İşte Prof. Dr. Celal Şengör, Prof. Dr. Şener Üşümezsoy, Üyesi Prof. Dr. Şükrü Ersoy, Doç. Dr. Bülent Özmen, Prof. Dr. Övgün Ahmet Ercan, Prof. Dr. Naci Görür ve Prof. Dr. Hakan Kutoğlu’nun İstanbul depremi hakkında görüşleri ve değerlendirmeleri;
Celal Şengör İstanbul depremi için ne diyor?
Marmara Fayı üzerine üniversitede uzun yıllardır araştırmalar yürüten Prof. Dr. A.M. Celal Şengör İstanbul depremi ile ilgili ne düşünüyor?
Celal Şengör’den İstanbulluları korkutacak bir açıklama geldi. Şengör, İstanbul’daki fay hatlarıyla ilgili tehlikeli bir durumun söz konusu olduğunu belirtti.
Haritada geçmiş yıllara ait depremleri yorumlan Şengör, “Haritadaki kırmızılar deprem merkez üslerini gösteriyor. Son 10-15 yılda olan depremler. Fakat şurada çok dikkat edilecek bir şey var. Silivri ile Küçükçekmece arasındaki alanda mikrodeprem bile yok. Çok az var. Bu fayın kilitlendiğini gösteriyor. Deprem olmaması demek mutlaka kilitlendiği anlamına gelmez. Fakat deniz altında yapılan çalışmalar gösterdi ki; hareket etmiyor bu fay.

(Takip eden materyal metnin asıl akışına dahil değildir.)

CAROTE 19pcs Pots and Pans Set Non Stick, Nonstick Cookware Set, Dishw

Bu çok tehlikeli” diye konuştu.
Şengör: Büyük İstanbul depremi maksimum 7,6 büyüklüğünde olacak
Depremi önceden bilmenin mümkün olmadığının altını çizen Şengör, depremlerin büyüklüklerinin verilerle tahmin edilebileceğini ifade ederek, “Büyük İstanbul depremi maksimum 7,6 büyüklüğünde olacak. Büyüklüğünü tahmin edebiliyoruz ama sınır vererek” dedi.

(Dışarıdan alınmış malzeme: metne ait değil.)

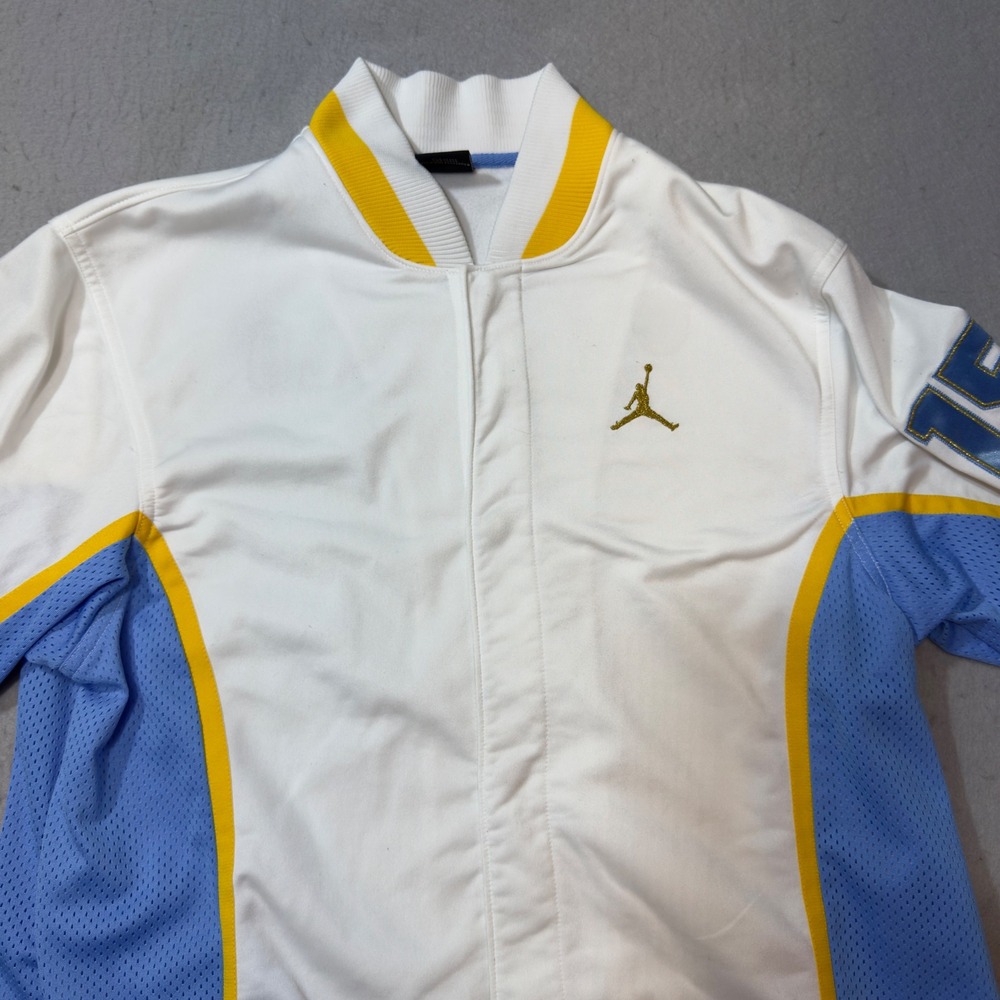 Jordan Track Jacket Men Medium White Blue Yellow Full Zip Jumpman Good Condition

Şengör: Deprem geldiği zaman hiçbirimizi affetmeyecek
Şengör, İstanbul’da meydana gelen 5.8 büyüklüğündeki depremin ardından tartışmaya açılan toplanma alanlarına ilişkin verilen rakamların gerçeği yansıtmadığını ifade etti.

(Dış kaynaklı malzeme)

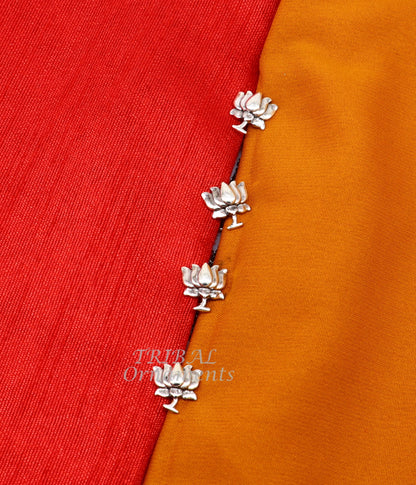 925 Sterling silver handmade amazing Indian national flower lotus design buttons for men's kurta, best gifting accessories btn10 - TRIBAL ORNAMENTS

Şengör, “Deprem geldiği zaman hiçbirimizi affetmeyecek. Verilen toplanma alanı sayıları gerçekçi değil. Gerçekçi olsa bile, insanlar oralara nasıl varacaklar?
Depremden sonra en büyük tehlike yangındır. İstanbul’un yıkılmış daracık sokaklarına itfaiye nasıl girecek? İtfaiyenin kendisi yıkılırsa ne olacak?
Acaba havadan yangın söndürme imkanları düşünülüp planlandı mı? Şehirde havadan söndürme ile ormanda havadan söndürme çok farklıdır. Gerekli uçan vasıtalar temin edilmiş, uçucu personele gerekli eğitim verilmiş midir?” ifadelerini kullandı.
Şener Üşümezsoy İstanbul depremi için ne diyor?
İstanbul Üniversitesi Jeoloji Mühendisliği’nden emekli olan Prof. Dr. Şener Üşümezsoy İstanbul depremi için neler söyledi?
Üşümezsoy, diğer deprem uzmanları gibi korkutan açıklamalarda bulunmadı. Vatandaşın yüreğine su serpen Üşümezsoy, Marmara için çizilen en kötü senaryonun 1999 depremi olduğunu ve İstanbul için yapılan 7’nin üzerindeki tahminlere de katılmadığını belirtti.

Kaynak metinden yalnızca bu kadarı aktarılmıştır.